#### What you have to do
Output exactly the lines below from the one containing "Die-stage C marker" to the last line, both included. Omit pictures.

#### Supplied data
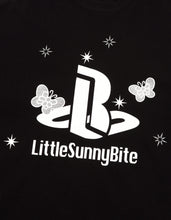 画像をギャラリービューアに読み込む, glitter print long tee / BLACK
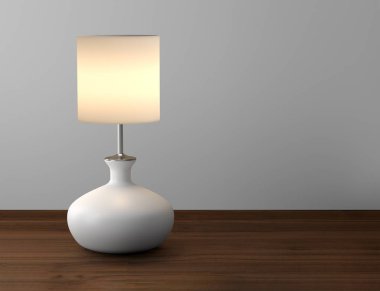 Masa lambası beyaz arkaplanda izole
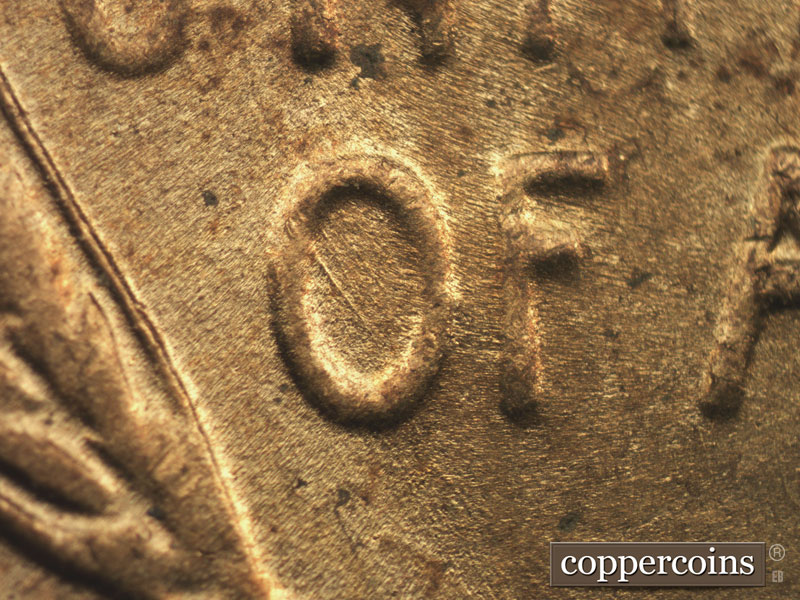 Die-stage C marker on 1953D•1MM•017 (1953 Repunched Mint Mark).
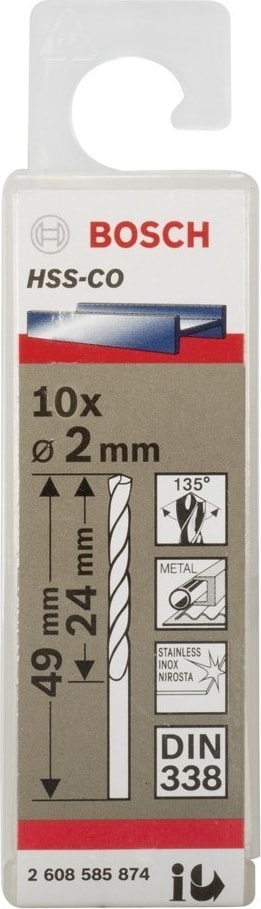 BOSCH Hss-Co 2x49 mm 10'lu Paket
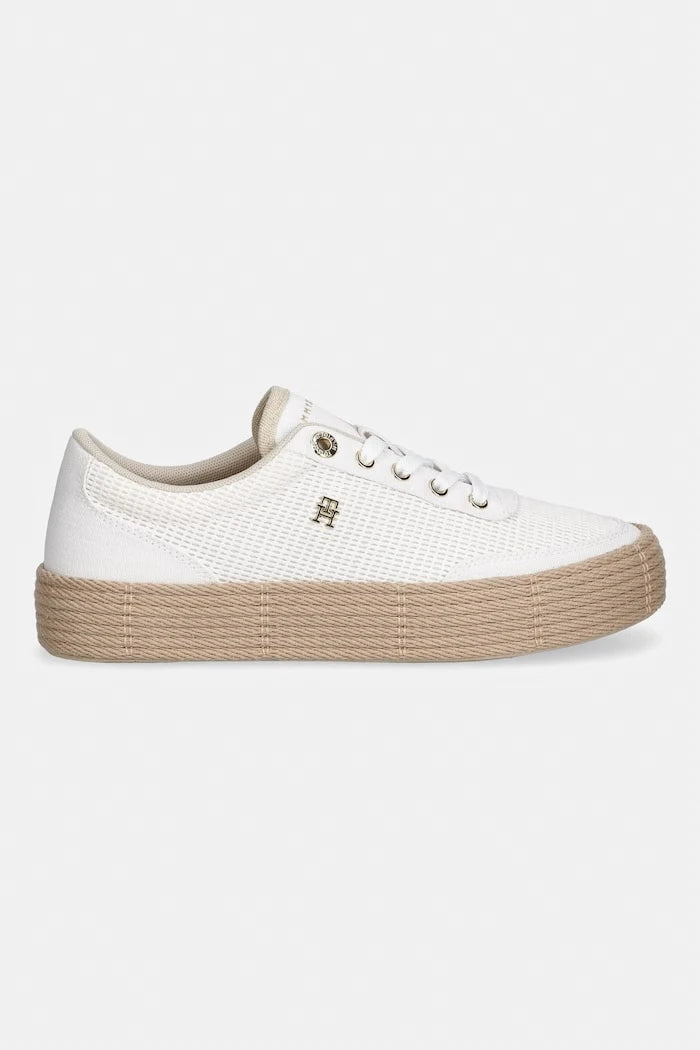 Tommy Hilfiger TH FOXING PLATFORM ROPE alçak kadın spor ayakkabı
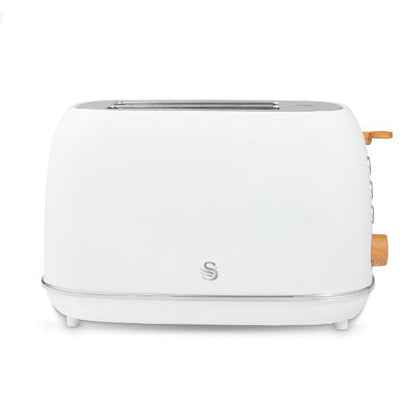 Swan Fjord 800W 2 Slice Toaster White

#### Task response
 Die-stage C marker on 1953D•1MM•017 (1953 Repunched Mint Mark).
 BOSCH Hss-Co 2x49 mm 10'lu Paket
 Tommy Hilfiger TH FOXING PLATFORM ROPE alçak kadın spor ayakkabı
 Swan Fjord 800W 2 Slice Toaster White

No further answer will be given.